I decided to write the post below after Scott Dauenhauer, a financial planner I admire, sent me a link from an annuity firm that rails against all the bad press that Equity Index Annuities have deservedly been receiving. After you read the spiel, I hope you’ll be as appalled as I was. (Though I wasn’t surprised.)
An elderly woman, who lives in our community, learned not too long ago that she needed dentures. She had enough cash to pay for the new teeth, but she discovered that her money, while technically hers, couldn’t be touched.
The bad guy in this pitiful case was an insurance company, which had capitalized on an ingenious way to make money off an easy mark. What the woman with the bad molars bought was an equity indexed annuity. Promoters attract unsophisticated investors by suggesting that buying an EIA is like owning a handful of magic beans and a golden goose. An EIA, they say, will allow you to enjoy stock market gains without facing any of the risks. After listening to the spiel, it would be easy to conclude that only a chump would continue to invest in mutual funds or individual stocks. If you dump your money into one of these annuities instead, your EIA flak jacket will withstand all the nasty stuff that Wall Street tries lobbing at you.
In reality, however, EIAs aren’t a miracle investment. And they certainly aren’t risk free for those who experience buyer’s remorse. Hidden inside these things are incisors that can tear a customers’ investment apart if they decide to bolt.
EIAs are actually complicated insurance products that are being marketed to senior citizens, who are terrified by stock market losses. The upside potential for EIAs, say the salesmen, is great, but if the markets crash, an EIA’s return can’t dip into negative territory. These annuities guarantee a base annual return for the length of the contract, which is often 3%.
One drawback to EIAs is their complexity. While many EIAs, for instance, are partially linked to the fortunes of the Standard & Poor’s 500 Index, there are plenty of ways that an insurer can shrink the annuity’s return. For starters, a customer might be promised a 50%, 70% or even 100% share of the S&P 500’s annual performance. But that’s misleading because an EIA excludes the S&P 500’s dividends as part of the return. Insurers also often put caps on the returns that you can capture. Just how much the performance will shrink can depend on which of the dozens of crediting methods that an insurer uses. “There are probably 100 different ways to credit interest in an EIA and you literally need a degree in industry methodology to understand,” suggests Scott Dauenhauer, CFP, who is president at Meridian Wealth Management in Laguna Hills, CA.
Critics contend that many of the best-selling EIAs rely on crediting calculations that provide customers with the most anemic returns. Why would someone recommend an EIA that stinks up the room? Hmm. Would it shock anybody out there when I said that some insurance agents routinely select the EIAs that provide the highest commissions for themselves? Many popular EIAs pay agents 8%, 10% or higher. Some lucky guys can even get 12% on a sale.

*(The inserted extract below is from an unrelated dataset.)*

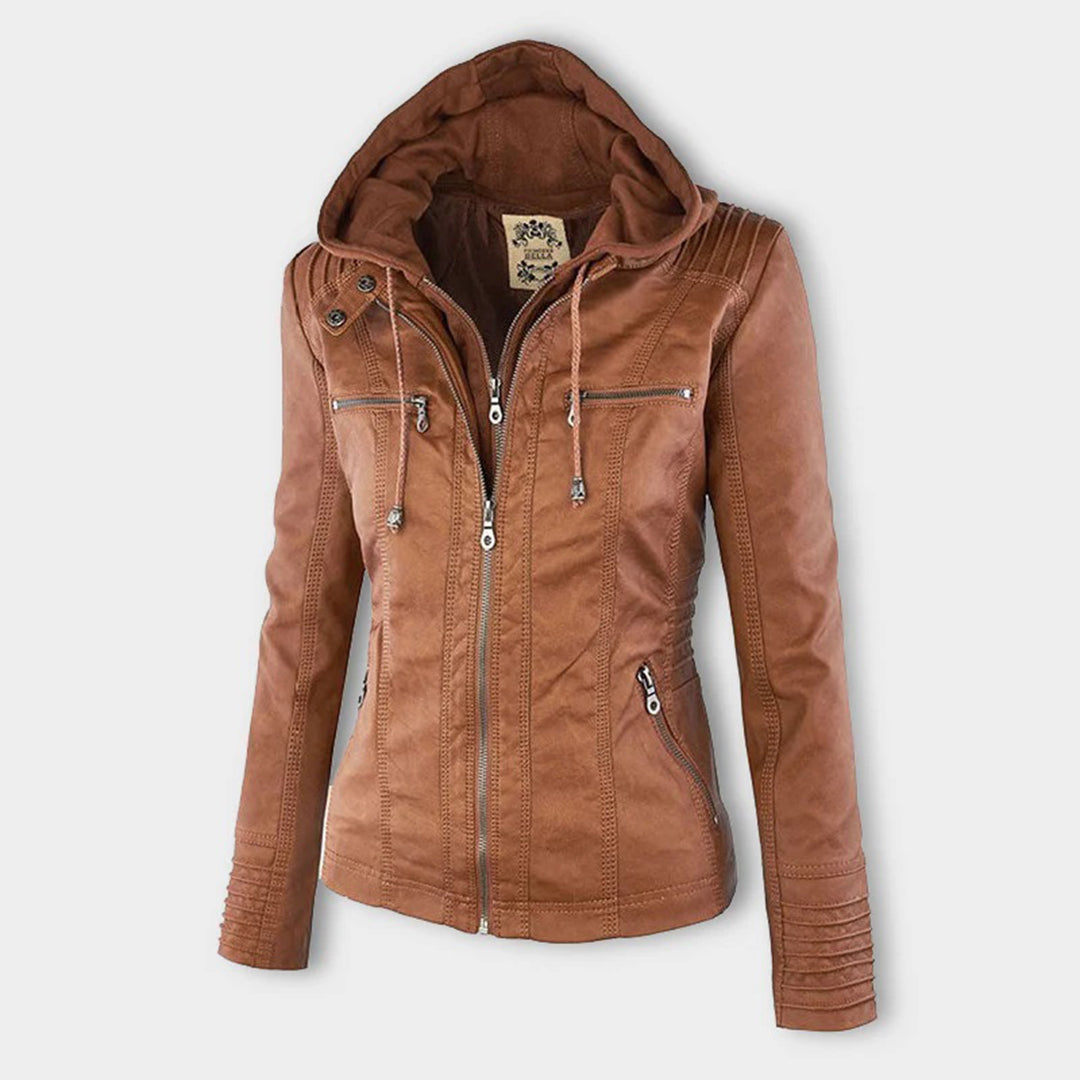 Febe | Leren Zomerjas voor Dames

Because the sales commissions are so generous, insurance companies need the buyers to stay put for a long period of time so the insurers can recoup what they paid the agents. They keep customers in their seats by hitting them with surrender charges if they try to bolt. EIAs, however, will typically allow investors to pull out 10% a year without a penalty. Surrender periods will sometimes last longer than the clients. Imagine a 80-year-old widower buying an EIA that locks up her cash for 15 years. It was one of these lengthy lockup periods that tripped up the woman needing dentures.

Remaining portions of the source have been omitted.